Don't expect a dull read, either. Harrison packs his account with metaphors, images, and bright discussions of the 'millennial mindset' that make for vivid reading. Perhaps it's his choice of language, which sets aside the usual plodding nature of inquiry in favor of a lively, engaging approach packed with supercharged examples: "…the message that Satoshi was sending that day to the whole market along with his source code for bitcoin’s currency was clear as the bright spring morning that lit up London’s four century old spiral towers as their steeples reflected and then disappeared in the yellow-white sunlit glare of the River Thames. That message went something like this: If there’s a multi-trillion dollar bailout for the plutocracy going on right now, then here is a multi-trillion dollar bailout for the people."

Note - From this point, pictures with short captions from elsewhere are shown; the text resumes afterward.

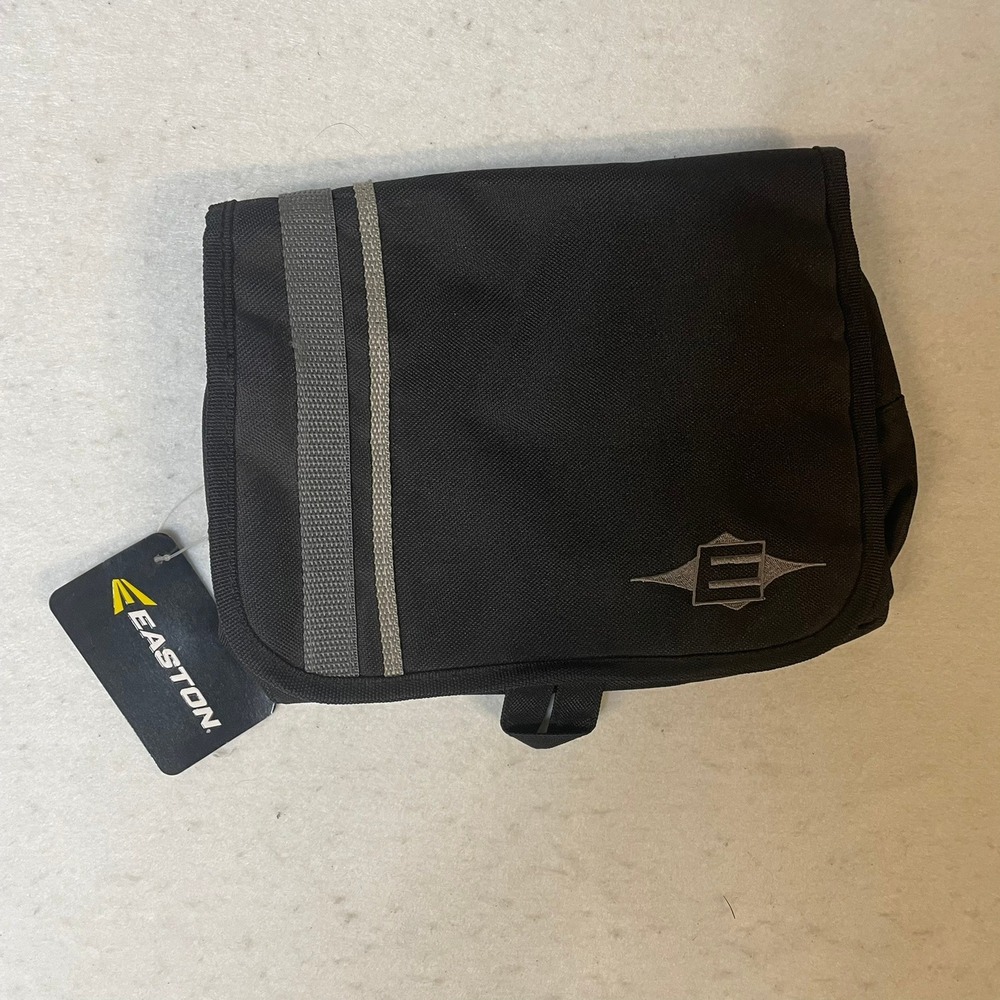 Easton Toiletry Bag Travel Organizer Black Gray Stripes New With Tags‎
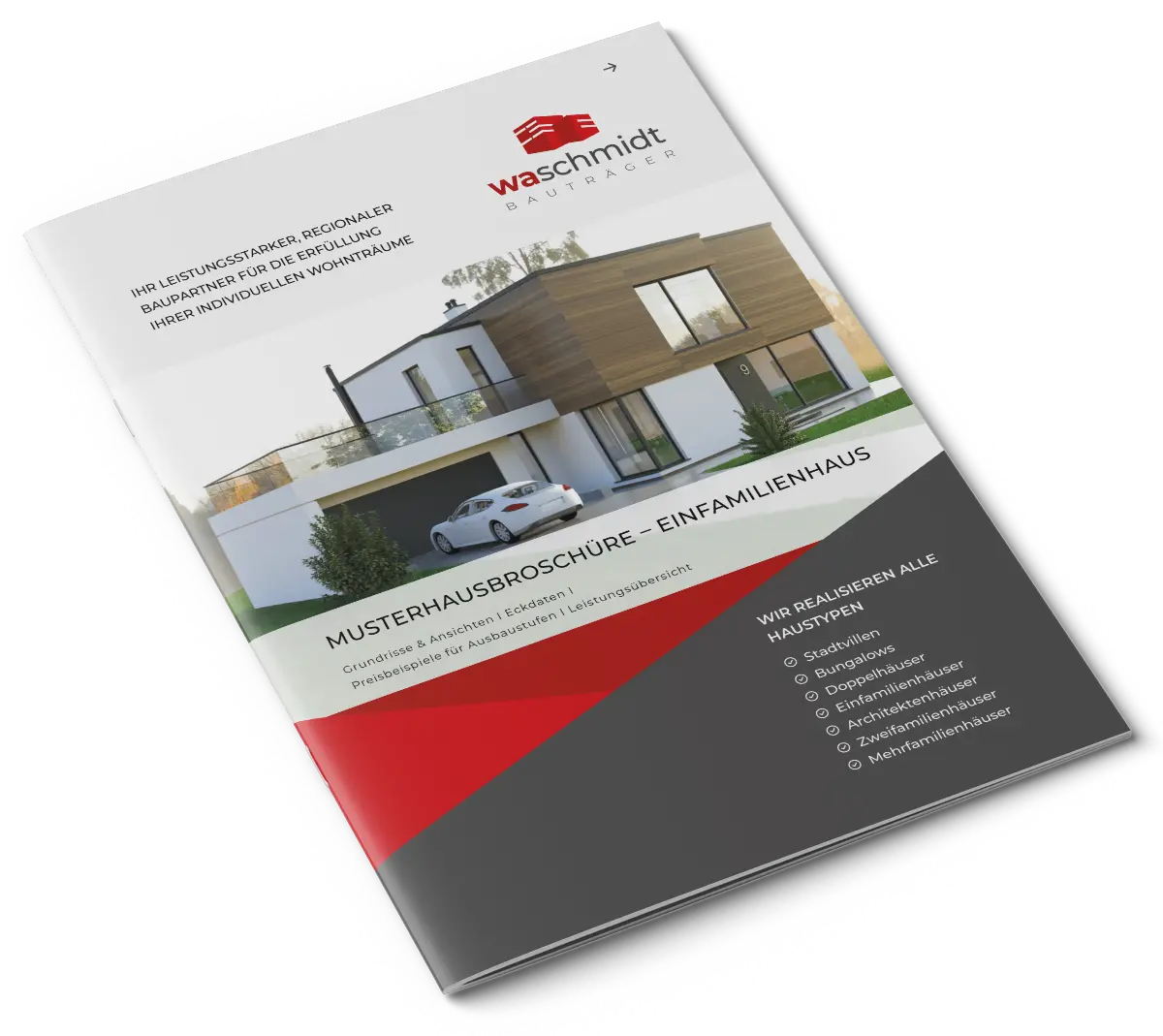 Musterhausbroschüre von W&A Schmidt zum Thema Einfamilienhaus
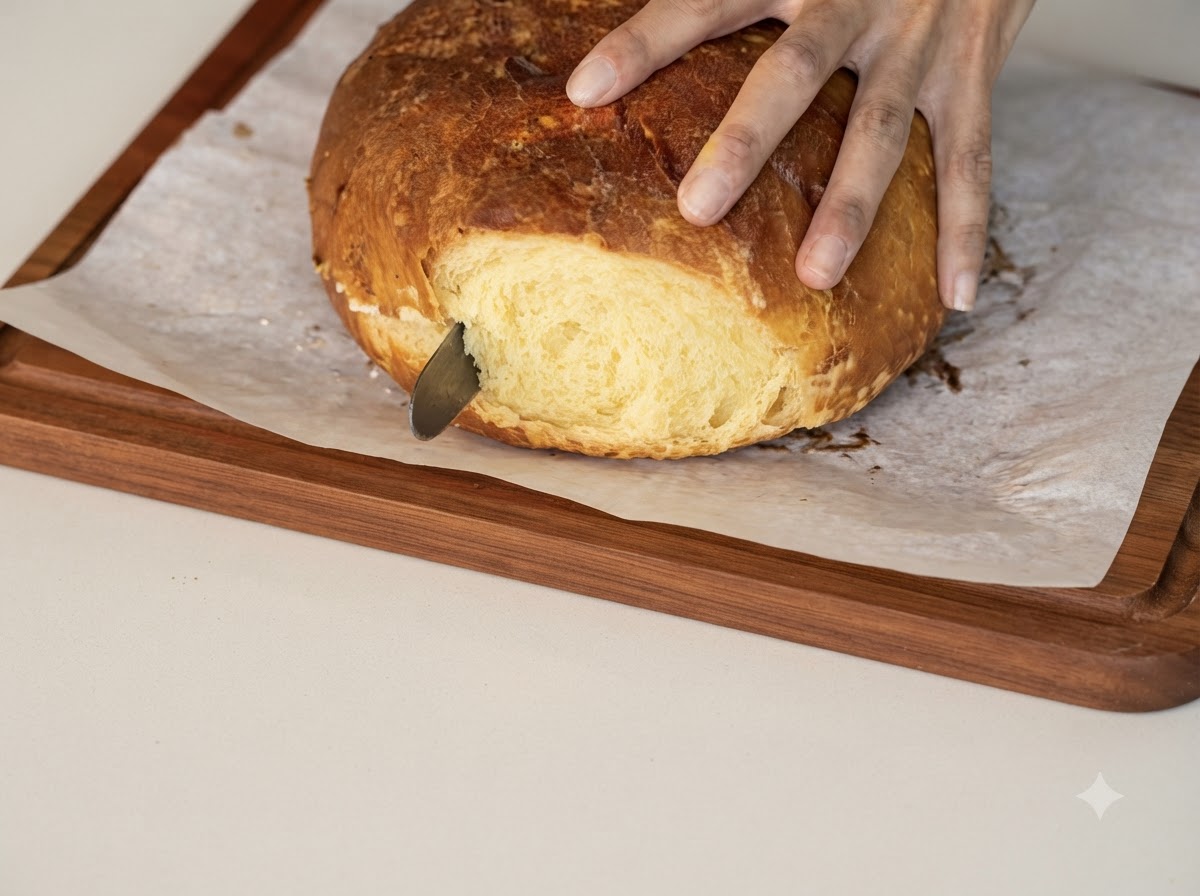 Una mano che tiene un coltello da pane mentre taglia orizzontalmente un grande panino rotondo cotto su carta da forno.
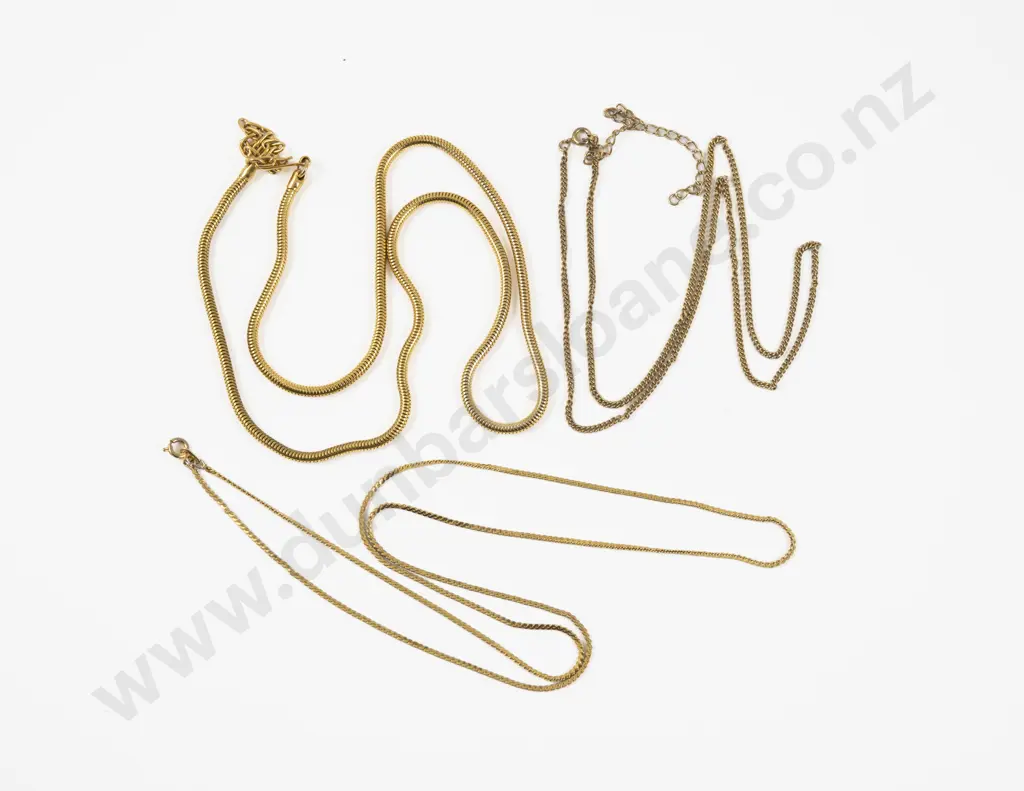 Three Gold Plated Neck Chains Image 1++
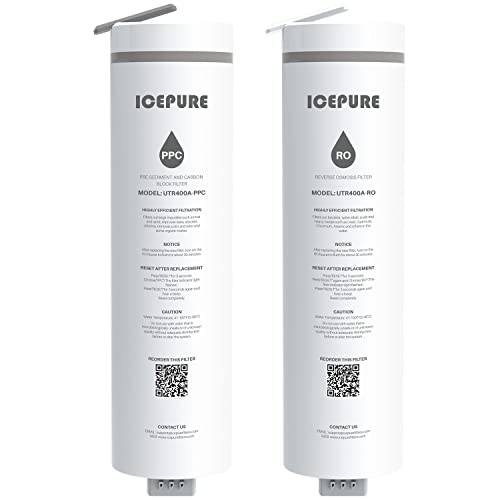 ICEPURE UTR400-PPC& RO 필터, 교체용 UTR400 리버스 삼투 시스템, 제거 라지 파티클 of 불순물, 염소, 컬러 and 냄새,  중금속 such as 리드, Cadmium, 크롬, Arsenic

Intellectual? You bet. Packed with hard science and difficult concepts? Absolutely. Tempered by human experience, fictional depictions, and personal accounts? That's one of its points. If journalism's true purpose is to expose fraud, pinpoint evolutionary processes, and challenge readers to think about the bigger picture, then Butterflies is the epitome of this process, and recommended for any who would don wings.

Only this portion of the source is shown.